Karin had (count them) 54 bags of heroin in her handy dandy pink purse. That's right, 54. Which brings me back to the three in her coat. I'm assuming they wouldn't fit? The search revealed a few other items that were stored in her compartment. 31 empty bags. 8 and a half prescription pills. Along with 51 dollars and (wait for it!) 22 cents. Bringing the total number of items retrieved from the offending oraface to 166... and a half. Which is good, because having 167 items in there would be positively disgusting.

At this point, one has to consider her packing habits. While it is no small feat to stuff 166 objects into one's vagina (I assume, but if a female reader knows I am wrong and would like to correct me, I dare you to in the comments below), let's just assume she had packed a little differently. I mean obviously, she knew she needed to hide the drugs. Perhaps she would have been better served to put the rest of the dope in there and put the money in her pocket. I'm just saying.

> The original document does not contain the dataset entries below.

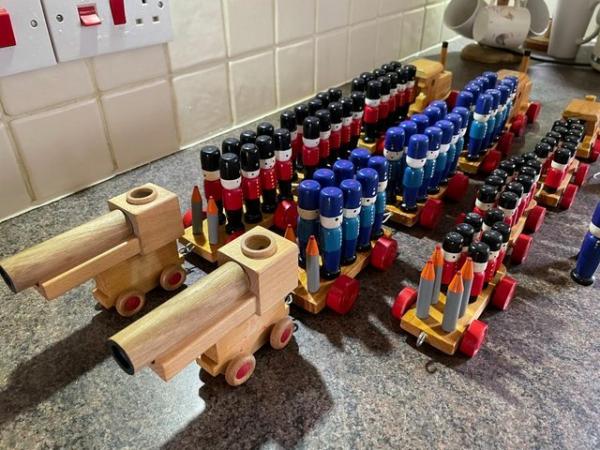 Image 1 of Loads of Toy Soldiers on Transport Trains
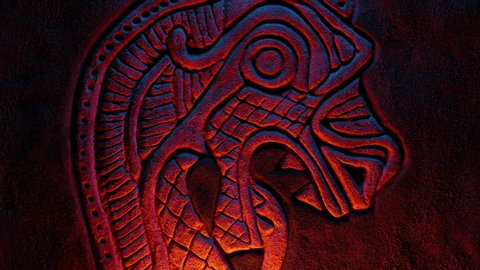 Old Norse Dragon Rock Carving Lit Up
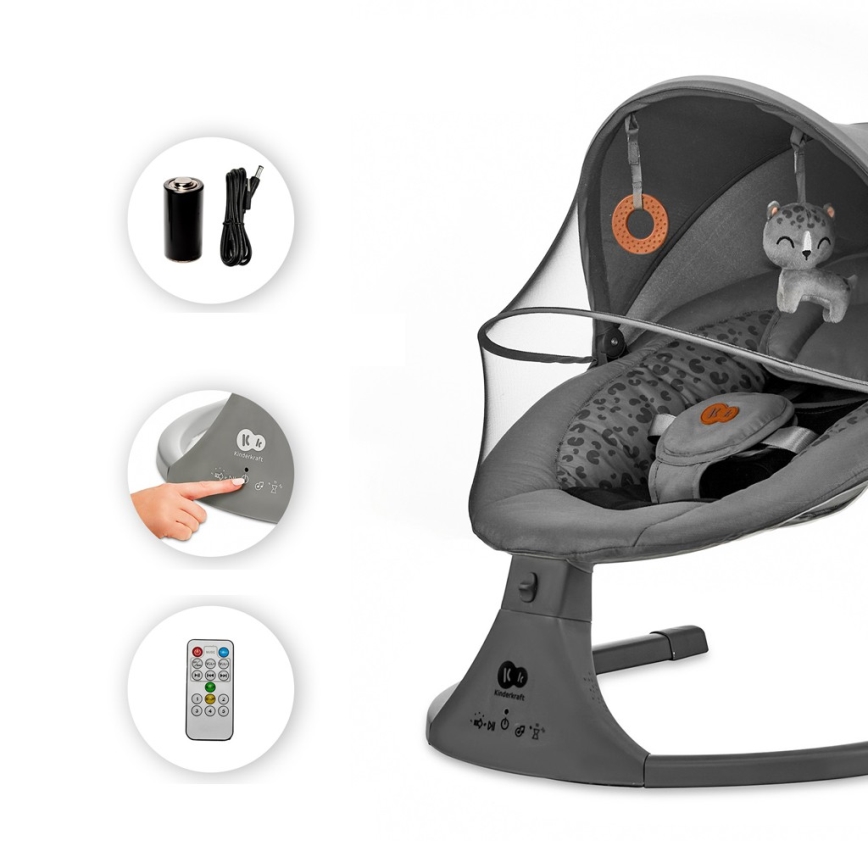KINDERKRAFT - Bērnu šūpuļkrēsls ar mūziku 2in1 LUMI 4xAAA tumši pelēka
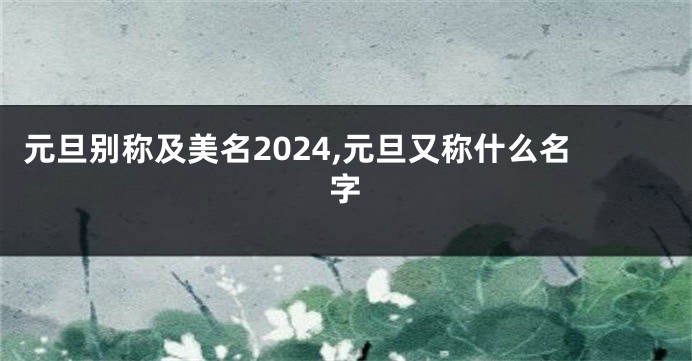 元旦别称及美名2024,元旦又称什么名字
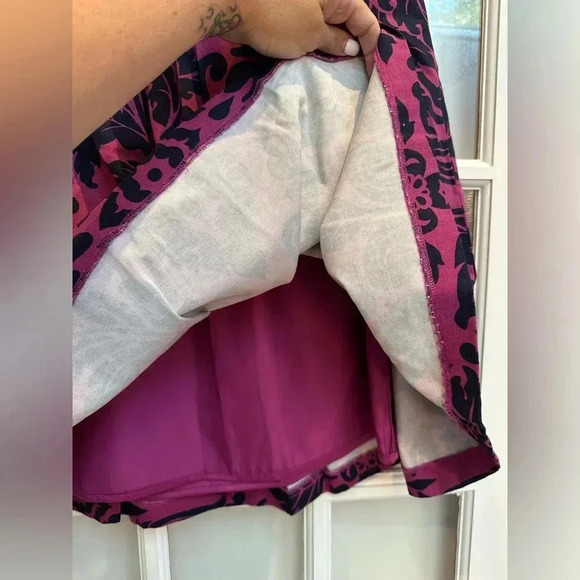 Boden A-Line Sophia Pleated Knee Length Purple Navy Damask  Skirt Size 6L Long - Picture 6 of 10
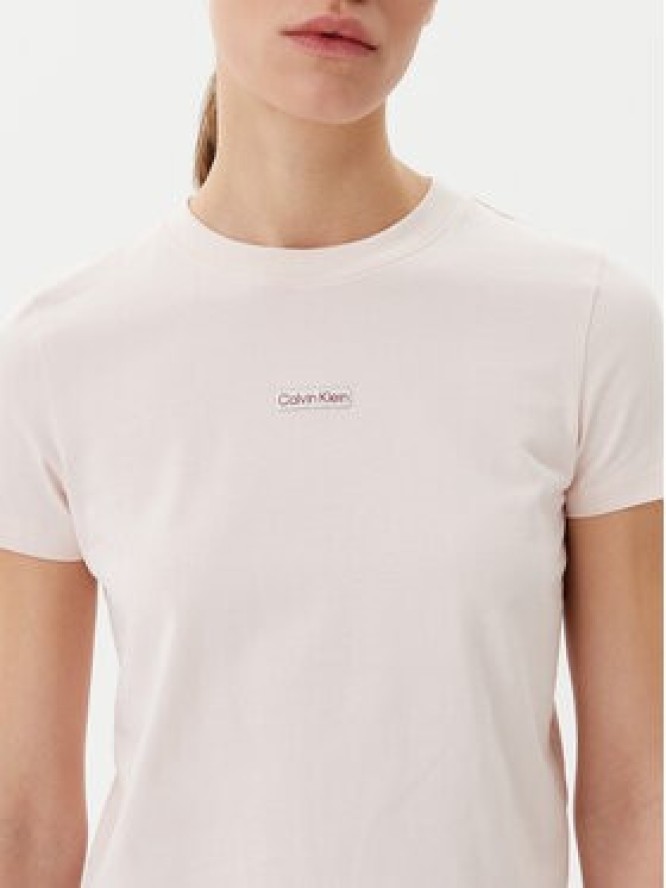 Calvin Klein Jeans T-Shirt Placed Institutional J20J225524 Różowy Slim Fit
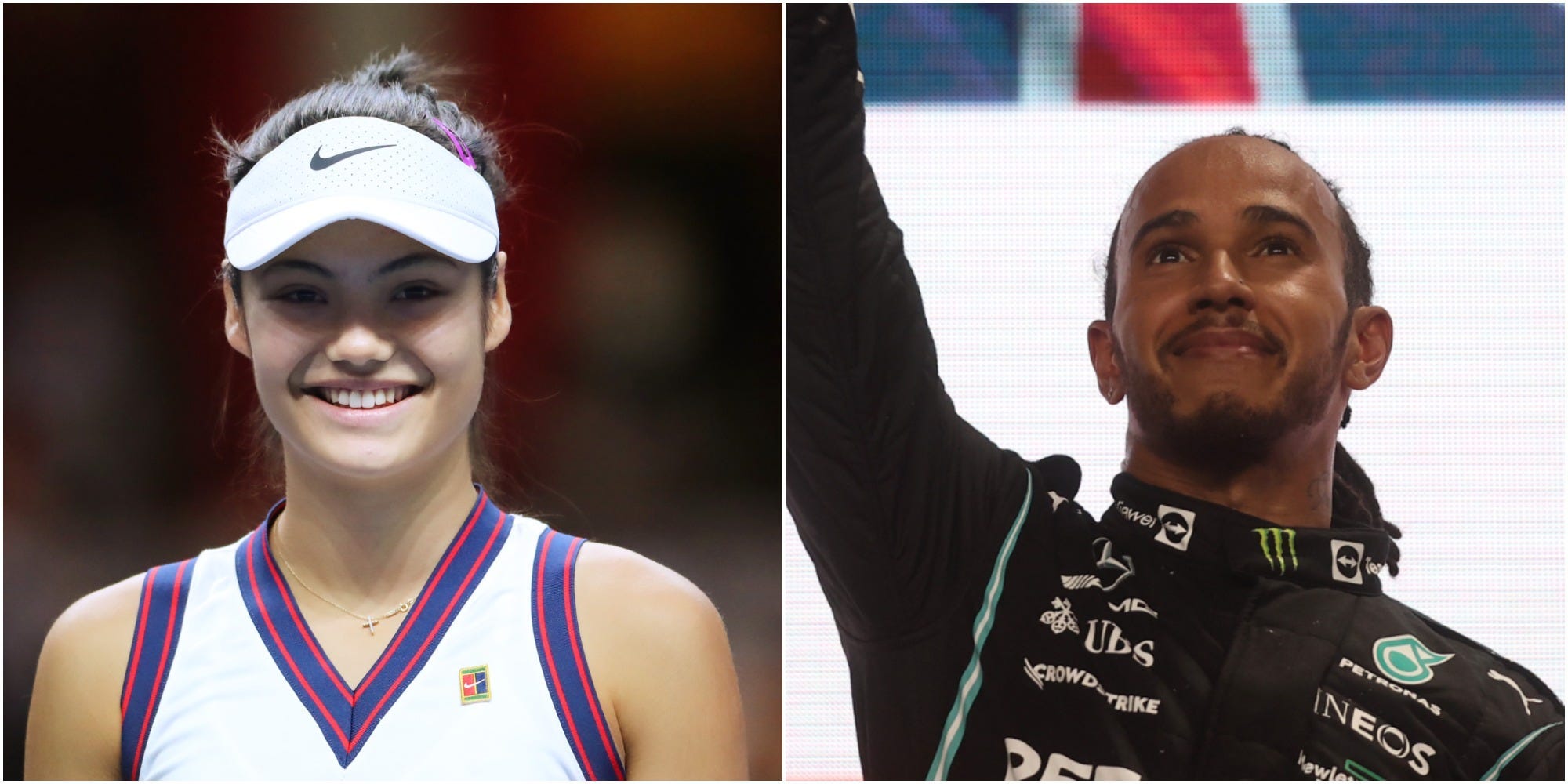 A side-by-side image of Emma Raducanu and Lewis Hamilton.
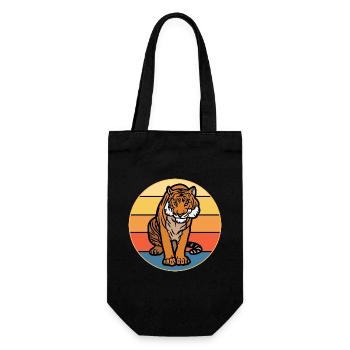 Tiger Big Cat Vintage Retro Sonnenuntergang - Geschenkbeutel für Flaschen - Schwarz - Vorne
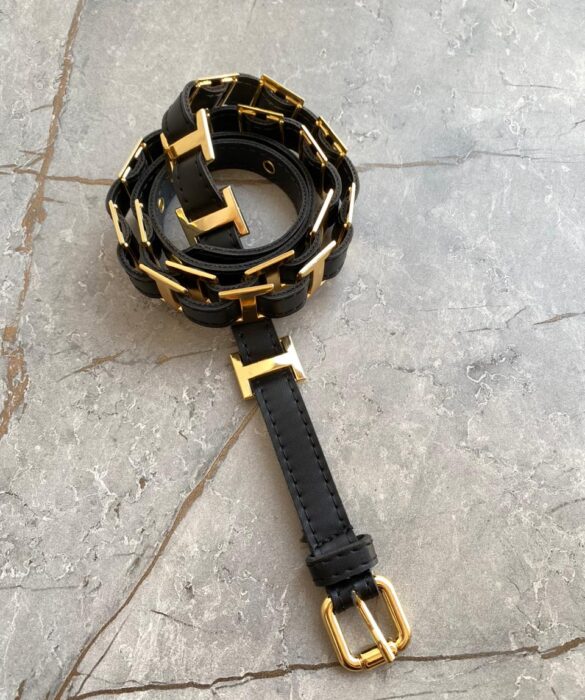 Cinto Feminino Mari Preto Detalhes em Dourado - Fernanda Ramos Store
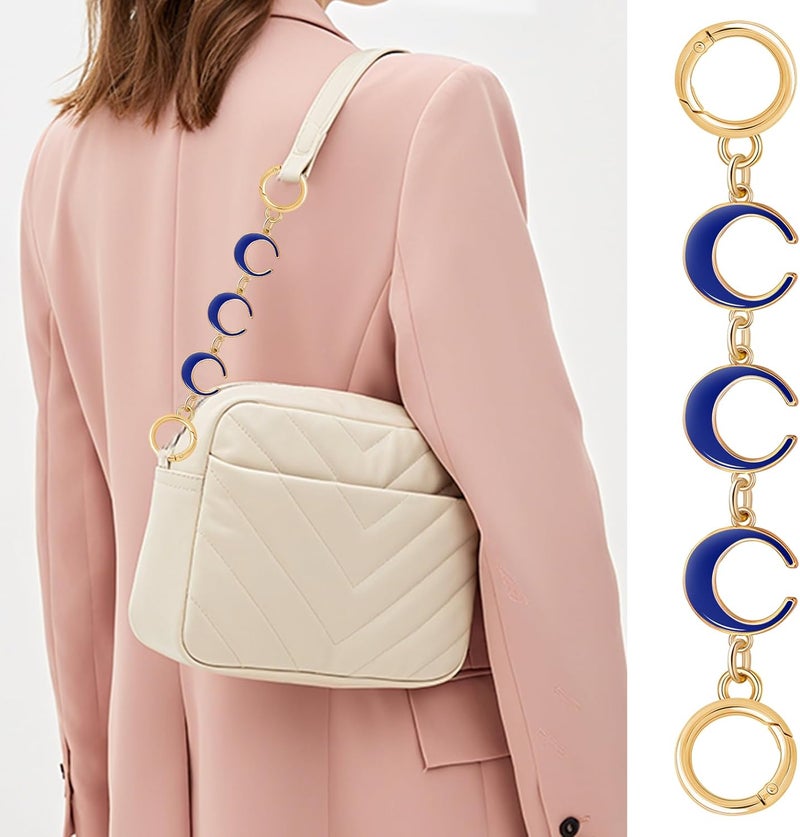 Tmtains 2Pcs Bag Extender Chain Gold Purse Extender Chain Heart Moon Purse Strap Extenders Navy Blue Purses Strap Replacement Crossbody Bags Accessories for Women Cute Bag Charms for Handbags Tote Bags Supply - Image 3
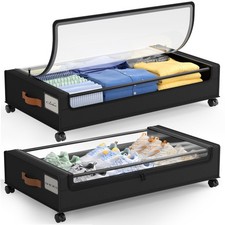 Under Bed Storage with Wheels, 2 Pack Under Bed Storage Containers with Clear...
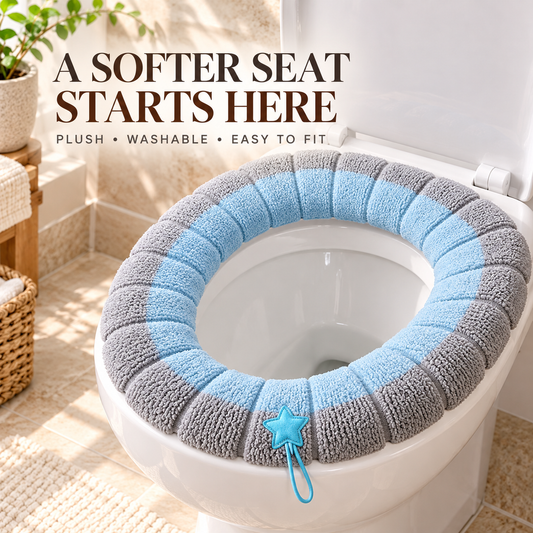 Soft Plush Toilet Seat Cover | Segmented Fabric, 2 or 4 Piece Set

Then again, I have packed (not one of those) in a hurry, and I can recall more than one occasion that I packed something I wanted at the bottom of a suitcase only to decided later that I wanted it out on the trip. Being a lazy guy, I just leave it in there and do without. Perhaps that is what happened to her. Maybe she just assumed that she could fit all 57 bags in the dark musty hole before she started packing. It is possible that she planned to drop off the dope, then stop on the way back for some gas and a pack of juicy fruit so she stuck the $51.22 in first. Then, by the time she realized it wasn't all going to fit, she didn't feel like "unpacking" so she just pocketed the rest.

In the end, I suppose it is less important how it got there, and more important that one way or another, the official Karin Mackaliunas vaginal inventory list included $51.22. And as always, don't try this at home.